- _Supplied information_:
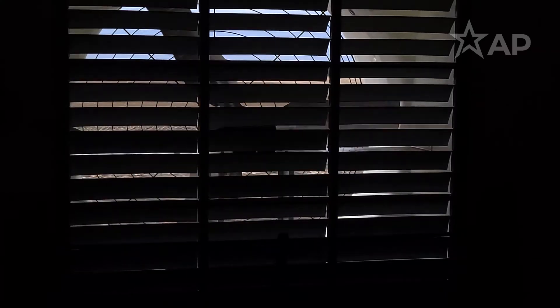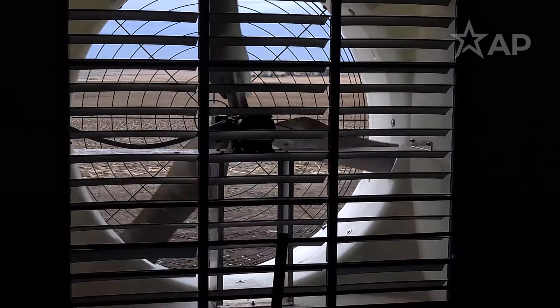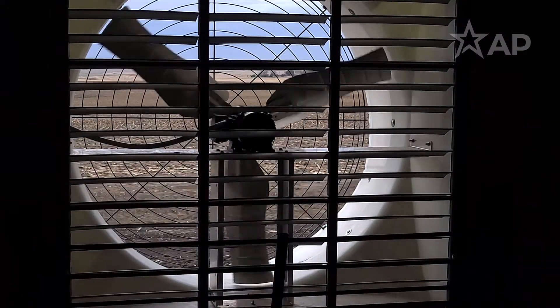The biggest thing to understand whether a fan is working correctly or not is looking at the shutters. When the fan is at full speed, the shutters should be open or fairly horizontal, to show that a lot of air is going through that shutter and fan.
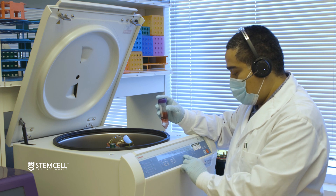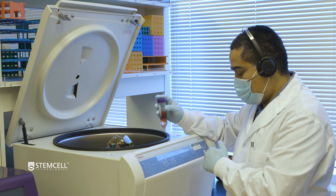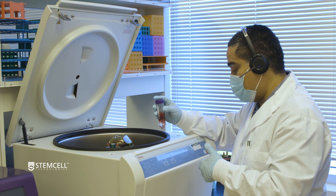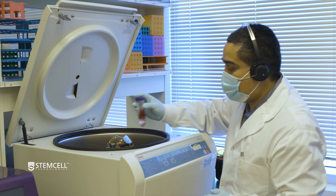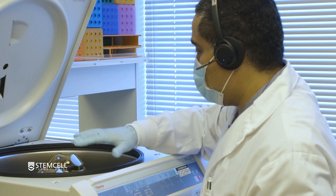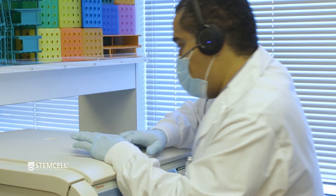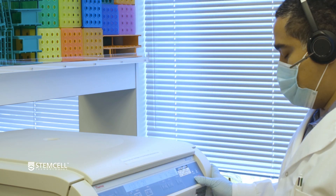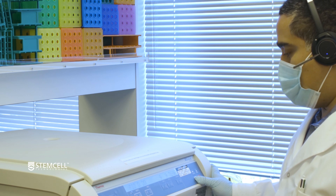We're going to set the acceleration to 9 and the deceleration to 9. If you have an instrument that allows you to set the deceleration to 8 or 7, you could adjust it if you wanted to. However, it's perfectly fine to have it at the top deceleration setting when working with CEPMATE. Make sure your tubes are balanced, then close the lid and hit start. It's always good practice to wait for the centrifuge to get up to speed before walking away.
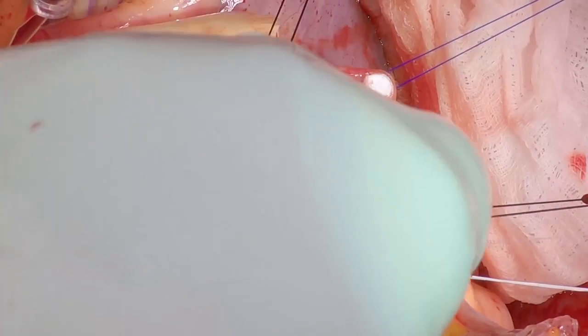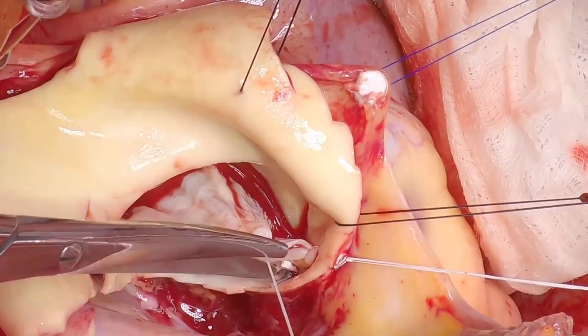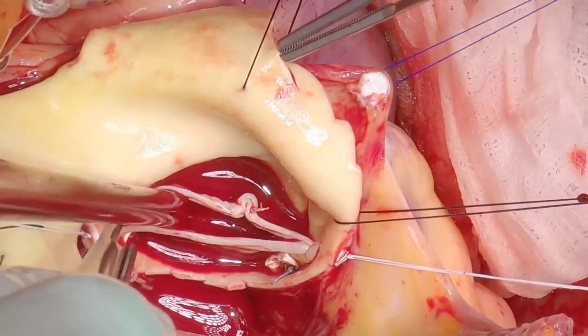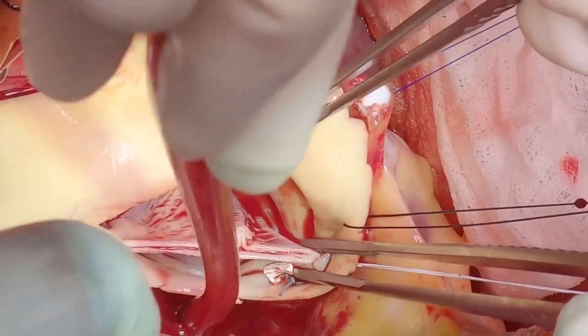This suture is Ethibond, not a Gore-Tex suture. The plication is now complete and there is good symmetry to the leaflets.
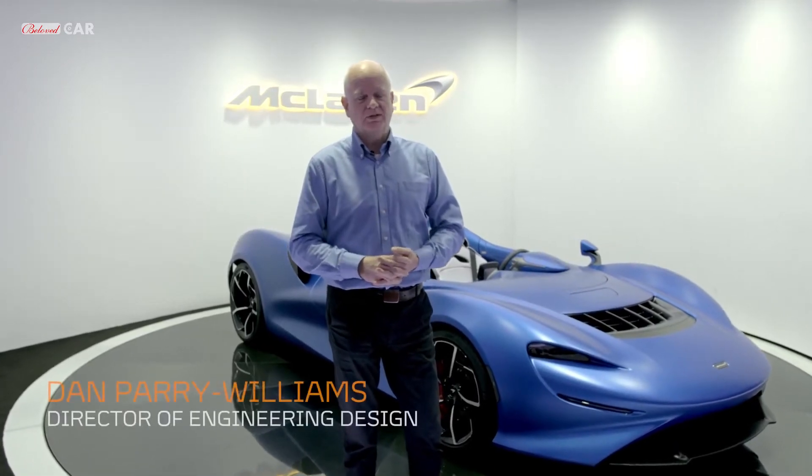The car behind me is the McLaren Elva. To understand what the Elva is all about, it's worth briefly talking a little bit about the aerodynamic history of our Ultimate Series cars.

- _Exercise objective_:
Your answer should contain only the lines from the beginning of the listing above through the line with "We're going to", copied exactly and without the pictures.

- _Solution to this exercise_:
The biggest thing to understand whether a fan is working correctly or not is looking at the shutters. When the fan is at full speed, the shutters should be open or fairly horizontal, to show that a lot of air is going through that shutter and fan.
We're going to set the acceleration to 9 and the deceleration to 9. If you have an instrument that allows you to set the deceleration to 8 or 7, you could adjust it if you wanted to. However, it's perfectly fine to have it at the top deceleration setting when working with CEPMATE. Make sure your tubes are balanced, then close the lid and hit start. It's always good practice to wait for the centrifuge to get up to speed before walking away.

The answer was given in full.